Seminar

Optical quantum computers with quantum teleportation

Speaker: Professor Akira Furusawa, Department of Applied Physics, School of Engineering, The University of Tokyo
RIKEN Center for quantum computing.

An emerging field of physics and engineering is quantum technology, encompassing technologies that rely on the properties of quantum mechanics. Quantum computing being one example of these technologies, representing a paradigm shift for computing technology, since it can outperform much more than existing computers.

Overview

  • Date:Starts 22 February 2023, 15:00Ends 22 February 2023, 16:30
  • Location:
  • Language:English

15:00
Coffee and cake
15:15
Opening remarks by Anton Frisk Kockum, Chalmers
15:20
Presentation by JSPS
15:30 - 16:30
Lecture by professor Akira Furusawa, University of Tokyo, RIKEN Center for Quantum Computing

Abstract
We did the first experiment of unconditional quantum teleportation at Caltech in 1998[1]. Then we did various related experiments like quantum teleportation network[2], teleportation of Schrödinger’s cat state[3], and deterministic quantum teleportation of photonic qubits[4].
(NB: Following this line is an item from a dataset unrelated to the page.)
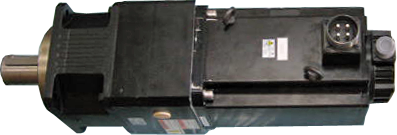 Platen Motor & Gear Box Repair/Refurbish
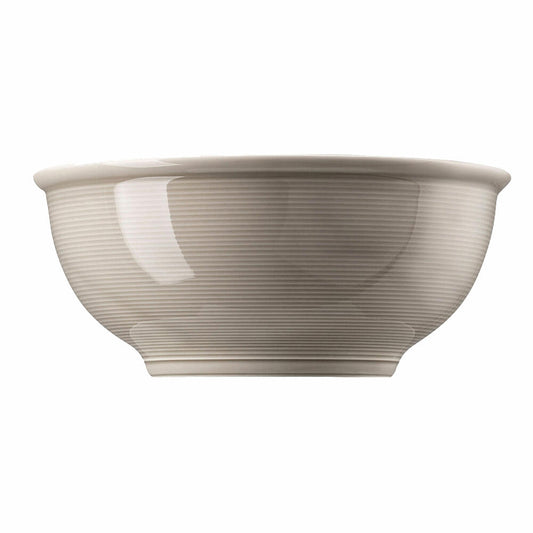 Thomas Trend Colour Bowl, Porcelain, Moon Grey, 22 cm, 11400-401919-13322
We invented the scheme of teleportation-based quantum computing in 2013[5]. In this scheme, we can multiplex quantum information in the time domain and we can build a large-scale optical quantum computer only with four squeezers, five beam splitters, and two optical delay lines[6].

For universal quantum computing with this scheme, we need a nonlinear measurement and we invented the efficient way[7]. We recently succeeded in the realization[8].

Our present goal is to build a super quantum computer with 100GHz clock frequency and hundred cores, which can solve any problems faster than conventional computers without efficient quantum algorithms like Shor’s algorithm. Toward this goal we started to combine our optical quantum computer with 5G technologies[9].

Picture of the future is quantum

1. A. Furusawa et al., Science 282, 706 (1998).
2. H. Yonezawa et al., Nature 431, 430 (2004).
3. N. Lee et al., Science 332, 330 (2011).
4. S. Takeda et al., Nature 500, 315 (2013).
5. S. Yokoyama et al., Nature Photonics 7, 982 (2013).
6. W. Asavanant et al., Science 366, 375 (2019).
7. K. Miyata et al., Phys. Rev. A 93, 022301 (2016).
8. A. Sakaguchi et al., arXiv:2210.17120 [quant-ph].
9. A. Inoue et al., arXiv:2205.14061 [quant-ph].